Ilaria Alpi e Miran Hrovatin, a 25 anni dall’omicidio ancora nessun colpevole

A 25 anni dalla loro morte in Somalia, le indagini sono ancora arenate, e l'omicidio di Ilaria Alpi e Miran Hrovatin è senza un colpevole

A 25 anni dalla loro morte in Somalia, le indagini sono ancora arenate

Il 20 marzo del 1994 qualcuno sparò in testa a Ilaria Alpi e Miran Hrovatin, giornalista e cameraman Rai impegnati a raccontare le brutture della guerra in Somalia e la bruttezza delle connivenze che aveva generato. Vennero ammazzati a Mogadiscio, davanti all’hotel Manama. Fra duplice omicidio e mistero senza colpevoli sono passati 25 anni e l’ultima speranza di verità è legata alle decisione che questa estate prenderà un Gip fiorentino, Andrea Fanelli, in merito ad una intercettazione che chiama in causa mani italiane, mani sporche del sangue di Ilaria e Miran.

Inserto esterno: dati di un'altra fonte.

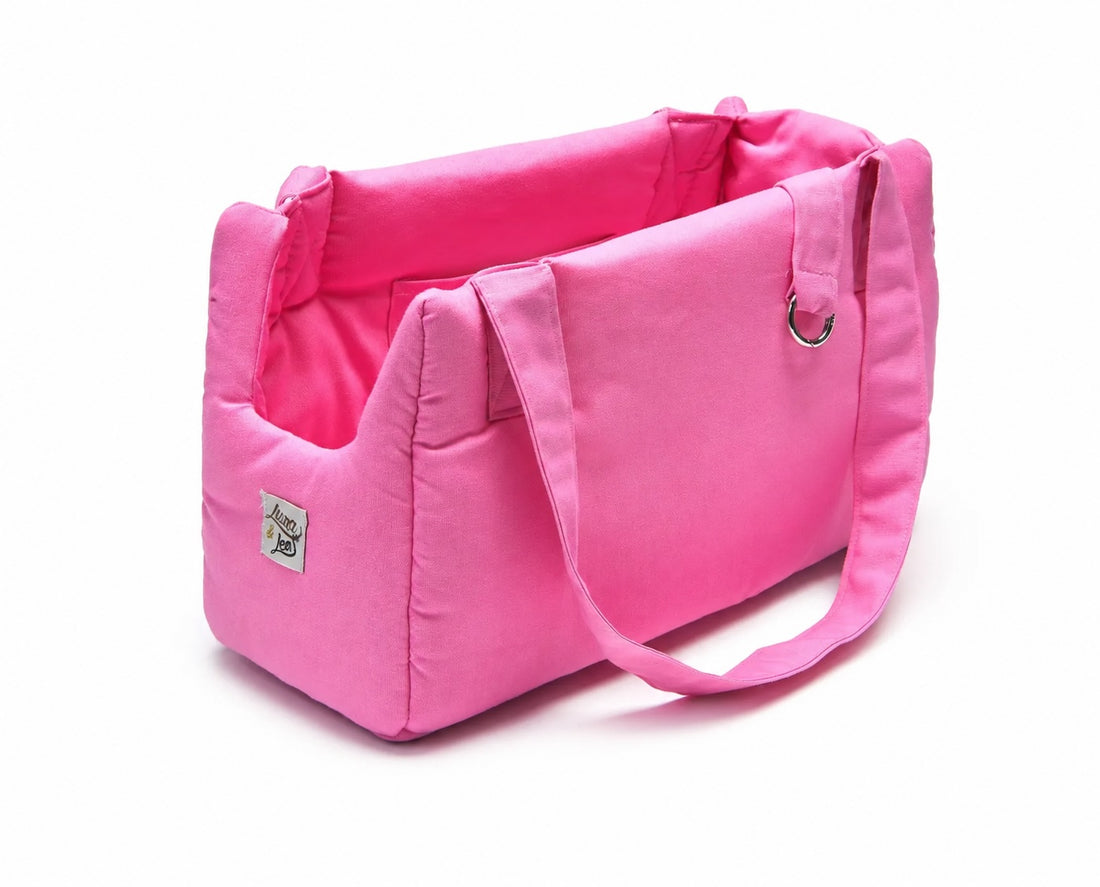Borsa Trasportino Cane Fucsia | Lavabile | Made in Italy — Leo e Luna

Le indagini di Ilaria Alpi

La Alpi in Somalia si era data subito da fare: aveva pucciato nel traffico di armi fra i signori della guerra ed elementi corrotti dell’establishment tricolore, aveva indagato sul traffico di rifiuti che raggiungevano il Corno d’Africa prima che gli imprenditori europei ed italiani scoprissero il “chilometro zero” della Terra dei Fuochi, aveva indagato sulle violenze in danno dei civili e sui silenzi di un governo che, in quanto a “camurrie” sugli aiuti, aveva optato per l’inazione, chiedendo ai servizi di monitorare il fenomeno ma senza fornirgli strumenti operativi per stroncarlo.

Hashi assolto

Insomma, dal signore della guerra Aidid fino al “colpevole fantoccio Omar Hashi”, di moventi e persone capaci e motivate ad uccidere Ilaria Alpi ce n’erano davvero tante, non tutte di pelle scura, parrebbe. Hashi, accusato del duplice delitto da un super teste, venne assolto. Il teste chiave in questione, Ali Rage “Jelle”, venne tanato da Chi l’ha Visto nel Regno Unito e ammise che qualcuno gli aveva promesso soldi per accusare Hashi, di cui non sapeva assolutamente nulla in merito al delitto Alpi-Hrovatin.

I depistaggi

Tra l’altro l’uomo si lamentò anche del fatto di non aver visto una lira di quanto promessogli. Ma da chi? “Dagli italiani”, disse Gelle che non specificò altro. Per inciso Hashi, prima di essere scagionato da ogni addebito si fece 17 anni di carcere. Solo nel 2015 lo scoop della trasmissione Rai gli rese giustizia etica che sfociò in giustizia procedurale. I depistaggi hanno poi fatto il resto, rendendo la ricerca della verità giudiziaria sul mistero non solo difficoltosa ed ansimante, ma conducendo a piste che via via, proprio in virtù di quei paletti occulti ma onnipresenti, non portavano a nulla.

I notes di Ilaria

La tratta marittima che a Mogadiscio e a Bosao consegnava anche tramite flotte messe a disposizione da Roma armi leggere da distribuire alle fazioni e immense cave dove far scomparire i rifiuti di mezza Europa paiono i puntelli più credibili per il prosieguo di quella immane ricerca. I notes di Ilaria, o almeno quello fra essi che non era misteriosamente scomparso, citava “1.400 miliardi di lire in aiuti scomparsi” a fonte di lavori ed opere che la giornalista aveva de visu constatato essere al palo.

Indagini arenate

Ma tutto si arena nel momento in cui si arriva ad un livello che, per semplice fisiologia logica che non basta però come grimaldello procedurale, rimanda ai comparaggi certissimi fra elementi italiani e camarille somale. Neanche le famose relazioni della Cia su quel traffico e un super teste che fin dal ’97 collegò le due morti ai traffici di armi erano serviti: le prime sono scomparse da ogni carteggio nella loro parte fruibile da governi terzi e il secondo era una fonte primaria del Sisde e i nomi e cognomi che fece erano stati secretati. Forse in estate quel gip intimerà l’apertura di quegli omissis. Due morti, la sola categoria dei giornalisti a lottare dopo la scomparsa dei genitori di Ilaria e un cosiddetto mistero che, nella sua banalità, resiste da un quarto di secolo nella fornitissima dispensa dove le brutture d’Italia si coprono di muffa.